Informative review. Thank you. 

As an owner of the *Nitecore P36*, I especially appreciated the outdoor shots comparing it to the EA81. The *Nitecore EA81* throws something like twice as far, but the P36 has the nice tint and wide hot spot of the MT-G2. Both have their uses. 

The tint differences were readily apparent in both the greens of the grass and the grays of the pavement.


----------



## Mr Floppy (Sep 23, 2015)

Thanks for the review. I can't help but think that it is missing at least one mode of 10-15 lumens.

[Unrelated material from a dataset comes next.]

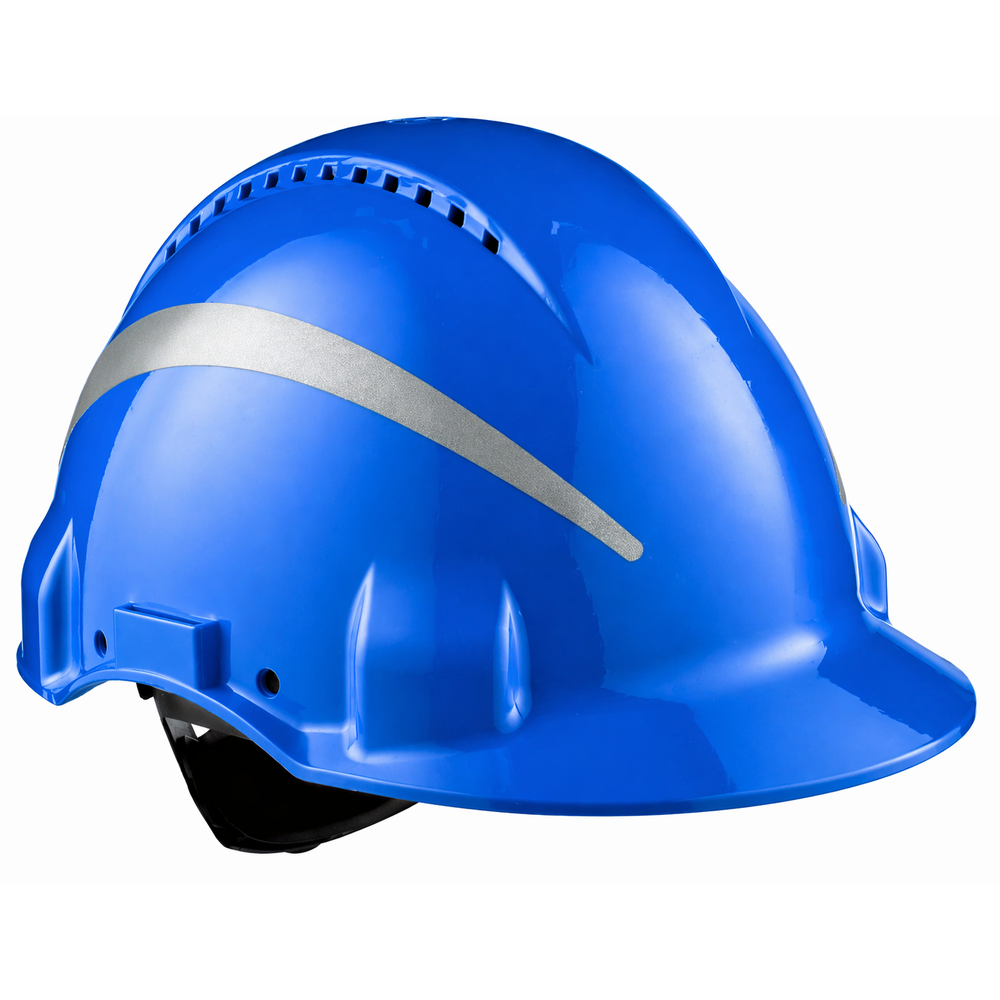 3M G3000 Mavi Ayarlı Baret 3m g3000 ayarli baret mavi renk havalandirmali uv stabilize abs is guvenligi bareti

Maybe another at 180-220 lumens, perhaps 120 instead of 80. 

I would love one of these, but modes don't do it for me


----------



## WarRaven (Sep 23, 2015)

Great review!
Kudos.
Nice performance.
+1 ☺👍


----------



## creegeek (Sep 23, 2015)

Great review thanks!

How long does Turbo last? I just saw the EC4S review and it's a "ski slope" from the minute Turbo is activated. I'm hoping the EA81 is regulated and provides plenty of 2K lumens when needed.

Thanks again!


----------



## UnderPar (Sep 23, 2015)

Thanks for this review. Really appreciate the beam comparison between this EA81 and P36. The comparison with LD60 also helped. Seems like an interesting light.


----------



## ven (Sep 23, 2015)

Great review, thanks for sharing Must admit i prefer the p36 by a good bit out of all of them, love the MTG2 tint/beam.


----------



## Dioni (Sep 23, 2015)

Great review!!! :twothumbs


----------



## Ladd (Sep 23, 2015)

Great review. Thanks for the read!


----------



## KeepingItLight (Sep 23, 2015)

creegeek said:


> How long does Turbo last? I just saw the EC4S review and it's a "ski slope" from the minute Turbo is activated. I'm hoping the EA81 is regulated and provides plenty of 2K lumens when needed.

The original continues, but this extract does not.